Ray O'Hara - 29 Oct 2006 04:21 GMT > She make her wish known to her classmates that she ____ Hongkong > University to continue her study. > A should go to B would go to C will go to > > The right answer is C, but I choose B and I still can't understand why > the right answer is C. "make" is wrong, it should be made".
"study "should be studies.
wishes instead of wish.
Oleg Lego - 29 Oct 2006 05:46 GMT The cheche entity posted thusly:
>She make her wish known to her classmates that she ____ Hongkong >University to continue her study. > A should go to B would go to C will go to > > The right answer is C, but I choose B and I still can't understand why >the right answer is C. There can be no correct answer to this one, because the sentence itself is flawed.

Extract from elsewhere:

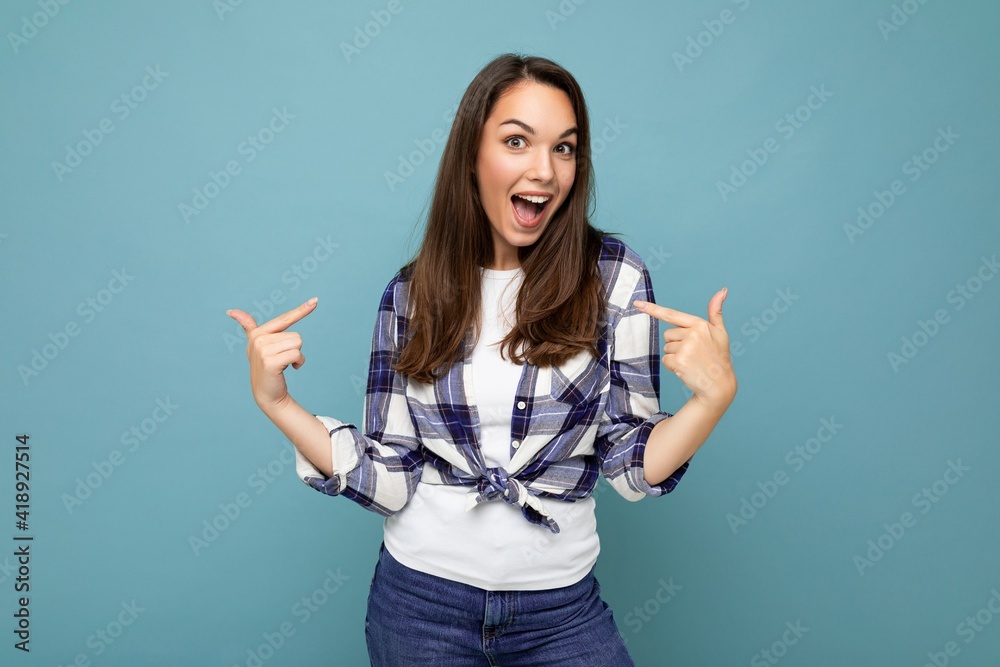 Portrait of young positive happy attractive amazing beautiful brunette woman with sincere emotions wearing hipster blue check shirt isolated over blue background with copy space and pointing at Portrait of young positive happy attractive amazing beautiful brunette woman with sincere emotions wearing hipster blue check shirt isolated over blue background with copy space and pointing at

"She make her wish" is wrong in any context.
vorotyntsev@yahoo.com - 29 Oct 2006 09:28 GMT > She make her wish known to her classmates that she ____ Hongkong > University to continue her study. > A should go to B would go to C will go to > > The right answer is C, but I choose B and I still can't understand why > the right answer is C. I'm with you, the best answer is B.
Skitt - 29 Oct 2006 20:37 GMT >> She make her wish known to her classmates that she ____ Hongkong >> University to continue her study. [quoted text clipped - 4 lines] > > I'm with you, the best answer is B. Hmm, answer A is probably the best on for expressing a wish, not that any of them is idiomatic.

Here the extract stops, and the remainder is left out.